From the very beginning, those who controlled the coffee trade knew its power. The Ottoman Turks, who oversaw the nascent Yemeni industry in the 16th century, allowed coffee’s export only in roasted form, lest an escaped seed ruin their monopoly. Over the centuries, armies have marched on coffee, state-backed colonisers have enslaved millions to work their plantations, and dictators have risen to power on the back of their vast coffee holdings.

In more modern times, political powers have harnessed coffee’s influence more subtly to help sway world events. The United States is a prime example: The superpower has invested heavily in coffee-producing countries—mostly through foreign aid and development agencies—as a way to encourage its preferred economic and political policies.

This soft power—what the Harvard political science professor Joseph Nye defined as “the ability to obtain preferred outcomes by attraction rather than coercion or payment”—helped make the United States the dominant global influence in the 20th century.

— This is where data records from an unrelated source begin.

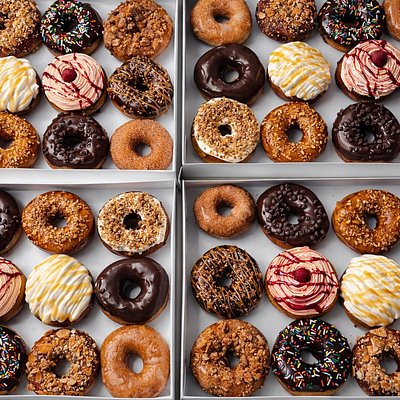Donuts By The Dozen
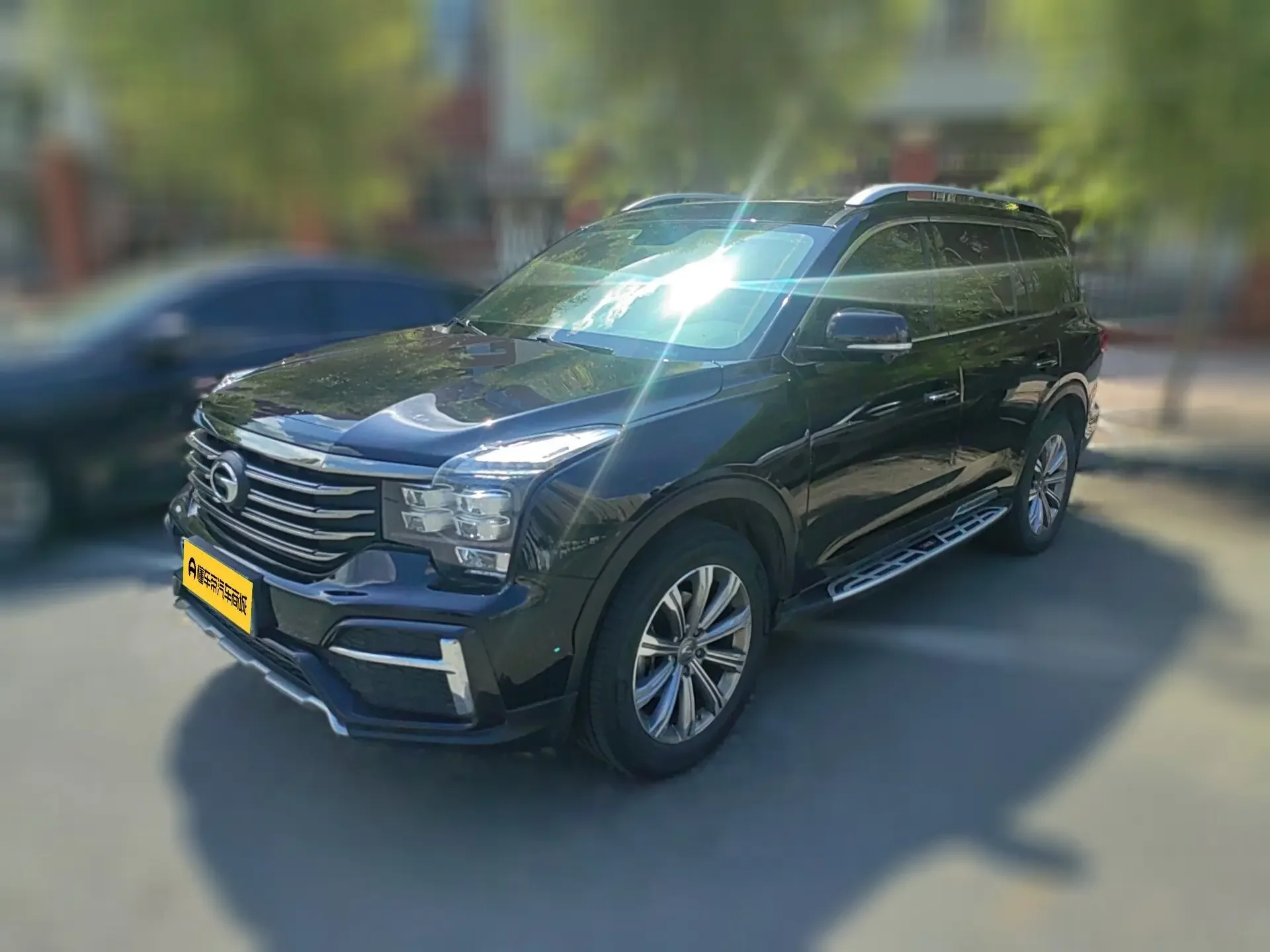 GAC Trumpchi GS8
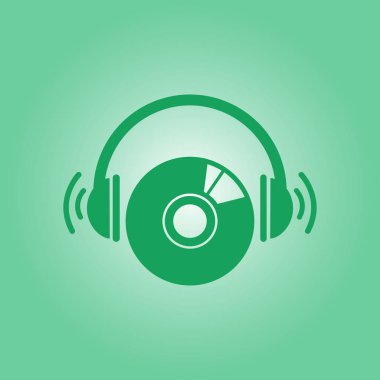 CD veya Dvd simgesini. Kompakt disk erkek.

Now, however, that may be changing. Rapidly shifting U.S. policy and funding priorities, spearheaded by a gleefully sadistic executive branch, have left foreign aid effectively dissolved, and the door open for other nations to step in.

For decades, China has been building its own soft power base in the Global South through political, economic, and social means. Global infrastructure projects, education exchange programs, and investments have given it expanding influence in key coffee-producing countries, at the same time that China’s growing domestic coffee demand has spawned the need for more imports.

As the U.S. withdraws from the global stage, can China fill the gap? And what do these shifting geopolitical tides mean for the coffee industry’s future?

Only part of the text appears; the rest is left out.